=== Section Start ===
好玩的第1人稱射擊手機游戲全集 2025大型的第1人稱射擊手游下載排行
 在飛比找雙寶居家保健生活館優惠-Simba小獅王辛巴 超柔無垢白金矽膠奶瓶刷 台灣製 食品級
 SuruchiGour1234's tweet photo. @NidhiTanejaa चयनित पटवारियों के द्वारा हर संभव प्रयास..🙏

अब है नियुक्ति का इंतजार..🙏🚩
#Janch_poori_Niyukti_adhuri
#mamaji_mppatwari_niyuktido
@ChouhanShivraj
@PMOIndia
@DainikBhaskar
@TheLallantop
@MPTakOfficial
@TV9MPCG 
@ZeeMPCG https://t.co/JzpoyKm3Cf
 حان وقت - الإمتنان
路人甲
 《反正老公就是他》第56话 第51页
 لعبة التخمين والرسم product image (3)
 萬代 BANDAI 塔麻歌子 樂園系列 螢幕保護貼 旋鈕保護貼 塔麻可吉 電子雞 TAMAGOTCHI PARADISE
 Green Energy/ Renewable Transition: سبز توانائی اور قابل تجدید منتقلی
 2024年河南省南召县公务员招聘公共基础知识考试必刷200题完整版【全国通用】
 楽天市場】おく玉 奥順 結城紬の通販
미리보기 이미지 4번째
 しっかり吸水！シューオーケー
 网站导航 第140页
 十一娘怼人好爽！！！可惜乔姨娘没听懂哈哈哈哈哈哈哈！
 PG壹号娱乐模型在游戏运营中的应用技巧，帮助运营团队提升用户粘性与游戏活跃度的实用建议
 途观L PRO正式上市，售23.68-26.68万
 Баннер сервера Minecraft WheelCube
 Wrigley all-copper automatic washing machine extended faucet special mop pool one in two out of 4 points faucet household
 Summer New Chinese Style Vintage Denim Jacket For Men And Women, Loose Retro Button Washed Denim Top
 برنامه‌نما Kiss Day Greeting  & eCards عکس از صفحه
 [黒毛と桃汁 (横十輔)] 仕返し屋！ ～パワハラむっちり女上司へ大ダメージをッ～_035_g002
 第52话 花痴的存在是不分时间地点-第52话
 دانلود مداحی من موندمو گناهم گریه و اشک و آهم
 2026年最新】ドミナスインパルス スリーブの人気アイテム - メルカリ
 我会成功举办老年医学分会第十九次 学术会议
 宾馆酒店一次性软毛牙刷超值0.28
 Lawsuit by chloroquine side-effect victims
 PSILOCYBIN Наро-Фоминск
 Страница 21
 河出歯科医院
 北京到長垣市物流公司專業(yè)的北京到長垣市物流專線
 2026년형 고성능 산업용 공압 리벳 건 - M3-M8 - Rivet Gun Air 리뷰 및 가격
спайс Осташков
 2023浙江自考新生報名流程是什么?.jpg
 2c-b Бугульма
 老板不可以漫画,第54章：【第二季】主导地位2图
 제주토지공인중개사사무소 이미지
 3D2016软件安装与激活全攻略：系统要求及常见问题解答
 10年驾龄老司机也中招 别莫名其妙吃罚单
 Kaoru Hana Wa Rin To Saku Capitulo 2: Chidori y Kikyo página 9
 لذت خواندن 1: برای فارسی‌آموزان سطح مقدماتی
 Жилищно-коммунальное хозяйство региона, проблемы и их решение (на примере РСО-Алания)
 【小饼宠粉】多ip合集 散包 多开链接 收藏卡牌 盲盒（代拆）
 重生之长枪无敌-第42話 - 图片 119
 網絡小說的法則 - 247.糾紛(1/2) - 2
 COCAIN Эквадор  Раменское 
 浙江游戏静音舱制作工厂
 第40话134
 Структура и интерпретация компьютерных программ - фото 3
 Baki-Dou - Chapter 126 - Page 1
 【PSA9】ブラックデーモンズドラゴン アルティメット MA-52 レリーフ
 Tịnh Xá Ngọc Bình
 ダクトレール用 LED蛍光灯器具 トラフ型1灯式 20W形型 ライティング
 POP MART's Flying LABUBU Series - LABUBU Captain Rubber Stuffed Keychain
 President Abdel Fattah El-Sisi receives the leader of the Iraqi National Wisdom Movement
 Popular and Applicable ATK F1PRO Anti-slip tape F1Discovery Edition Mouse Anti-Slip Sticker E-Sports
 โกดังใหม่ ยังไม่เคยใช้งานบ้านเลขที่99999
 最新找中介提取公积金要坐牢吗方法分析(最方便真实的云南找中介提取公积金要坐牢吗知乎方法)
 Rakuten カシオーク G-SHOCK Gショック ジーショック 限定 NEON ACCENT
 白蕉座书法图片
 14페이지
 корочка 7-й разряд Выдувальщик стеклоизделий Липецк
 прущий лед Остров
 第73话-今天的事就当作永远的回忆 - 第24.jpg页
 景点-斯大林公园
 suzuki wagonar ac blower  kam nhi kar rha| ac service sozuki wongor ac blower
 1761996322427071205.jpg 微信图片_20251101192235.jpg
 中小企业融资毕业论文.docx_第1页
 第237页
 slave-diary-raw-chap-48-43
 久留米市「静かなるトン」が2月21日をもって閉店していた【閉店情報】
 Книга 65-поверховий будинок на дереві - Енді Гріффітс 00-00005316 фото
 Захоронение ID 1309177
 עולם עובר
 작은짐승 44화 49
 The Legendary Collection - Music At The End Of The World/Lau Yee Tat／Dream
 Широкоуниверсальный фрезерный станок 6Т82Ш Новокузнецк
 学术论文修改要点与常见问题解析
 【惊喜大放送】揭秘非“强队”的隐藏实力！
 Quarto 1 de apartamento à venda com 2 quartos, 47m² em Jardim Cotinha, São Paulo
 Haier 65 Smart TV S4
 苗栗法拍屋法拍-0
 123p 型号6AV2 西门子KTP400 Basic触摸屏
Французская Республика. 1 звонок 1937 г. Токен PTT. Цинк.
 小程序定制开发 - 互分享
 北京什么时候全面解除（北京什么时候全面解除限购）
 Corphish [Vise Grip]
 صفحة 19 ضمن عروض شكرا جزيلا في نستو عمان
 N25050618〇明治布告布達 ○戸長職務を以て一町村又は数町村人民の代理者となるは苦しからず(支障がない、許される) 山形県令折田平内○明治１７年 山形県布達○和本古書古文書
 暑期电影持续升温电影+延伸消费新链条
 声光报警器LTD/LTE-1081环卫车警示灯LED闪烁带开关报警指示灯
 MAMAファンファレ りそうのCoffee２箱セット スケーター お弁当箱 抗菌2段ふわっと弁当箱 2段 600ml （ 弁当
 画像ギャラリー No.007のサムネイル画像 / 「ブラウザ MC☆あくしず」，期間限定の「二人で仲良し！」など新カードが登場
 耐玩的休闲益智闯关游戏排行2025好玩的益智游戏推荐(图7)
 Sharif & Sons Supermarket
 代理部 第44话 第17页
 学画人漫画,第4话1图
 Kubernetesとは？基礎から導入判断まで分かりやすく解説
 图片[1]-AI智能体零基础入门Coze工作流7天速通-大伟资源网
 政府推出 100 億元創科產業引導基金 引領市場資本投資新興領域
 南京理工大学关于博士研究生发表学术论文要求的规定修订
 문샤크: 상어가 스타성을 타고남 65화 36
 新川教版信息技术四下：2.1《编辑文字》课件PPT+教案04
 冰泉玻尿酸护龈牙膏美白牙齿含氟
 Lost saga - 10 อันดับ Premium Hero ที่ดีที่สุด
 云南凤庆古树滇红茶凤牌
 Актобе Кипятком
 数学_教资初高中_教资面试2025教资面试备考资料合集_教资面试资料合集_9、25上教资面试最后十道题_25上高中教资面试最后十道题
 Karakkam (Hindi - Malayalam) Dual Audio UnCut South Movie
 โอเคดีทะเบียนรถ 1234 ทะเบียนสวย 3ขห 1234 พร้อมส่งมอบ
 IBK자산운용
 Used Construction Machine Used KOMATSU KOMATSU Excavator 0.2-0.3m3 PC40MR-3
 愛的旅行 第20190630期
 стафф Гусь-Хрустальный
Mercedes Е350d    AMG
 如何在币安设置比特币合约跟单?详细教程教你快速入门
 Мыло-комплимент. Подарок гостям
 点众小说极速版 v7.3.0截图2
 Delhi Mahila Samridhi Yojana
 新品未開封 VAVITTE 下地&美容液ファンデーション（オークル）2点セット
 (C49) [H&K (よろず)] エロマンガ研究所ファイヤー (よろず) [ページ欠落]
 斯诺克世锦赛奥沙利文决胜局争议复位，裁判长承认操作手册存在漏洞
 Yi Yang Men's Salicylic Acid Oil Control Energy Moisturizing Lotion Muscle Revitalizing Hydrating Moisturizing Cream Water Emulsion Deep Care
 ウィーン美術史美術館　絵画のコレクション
=== Section End ===
**TASK TO CARRY OUT:**
From the entries above, copy every line containing the word "фото".

**TASK SOLUTION:**
 Структура и интерпретация компьютерных программ - фото 3
 Книга 65-поверховий будинок на дереві - Енді Гріффітс 00-00005316 фото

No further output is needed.